The Georgian-Israeli ‘Welcoming Committee’

Well, here we go again! Georgia take two. I got back from Israel a few days ago after experiencing a truly amazing month in the Holy Land. My friends and I opted to CouchSurf the entire time so we were constantly meeting new people and just learning so much. If I even started to write down anecdotes and memories from my month long trip, I’d probably never stop writing.

This blog is dedicated to life in Georgia however, so I’ll hold-back on everything I want to say about my trip and only focus on my favorite Georgia-related anecdote.

So picture the scene- the girls and I have just landed at Ben-Gurion airport in Tel Aviv. We’re ready to start our new adventure and excitedly hurry outside with our huge backpacks to hail a cab.

Force of habit kicked in though, so instead of speaking to the cab hailer in Hebrew (yes that’s right, there’s a man whose job it is to hail a cab for you) we spoke to him in Georgian! An employee at the airport overhead our Georgian and excitedly came over to tell us that he was Georgian too. Then this employee called over another fellow Georgian employee- who not only turned out to be Georgian, he turned out to be from Kulashi. Kulashi as in that small village town right by Samtredia!

But just wait, when he found out I was from Samtredia he asked me what family I was living with. I told him I live with Vakho Dundua and his jaw almost dropped. He knew Vakho. As in my host dad.

Can we just reflect upon this? I fly to a country and the first man I talk to knows my host family. Okay cool. What a completely normal everyday occurrence.

And of course, only to add to our bewilderment, our cab driver that night turned out to be a Georgian from Kutaisi. The cabbie and I had a conversation in Georgian, Russian, Hebrew and English. Yes that’s right- polyglot cab rides all the way.

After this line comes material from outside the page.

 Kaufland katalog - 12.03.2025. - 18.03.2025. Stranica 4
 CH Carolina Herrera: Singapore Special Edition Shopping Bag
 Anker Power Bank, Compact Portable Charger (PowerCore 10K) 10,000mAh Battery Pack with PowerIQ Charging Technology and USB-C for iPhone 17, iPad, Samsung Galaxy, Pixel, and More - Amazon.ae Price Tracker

The funny thing is, when I told Vakho the whole story yesterday he didn’t even get surprised. He said something in Russian like, “Oh right, that’s Koba”. As if he expected us to bump into each other.

The smallness of this world never ceases to amaze me (and it makes for noteworthy blog entries).

1 comment:

  1. Well Israel and Georgia were always very close. What do you expect from the county with one of the oldest Jewish communities in the world? During the Soviet occupation many Jews were moving to Georgia from other Soviet countries... because it was warm and people were cool with them being Jews.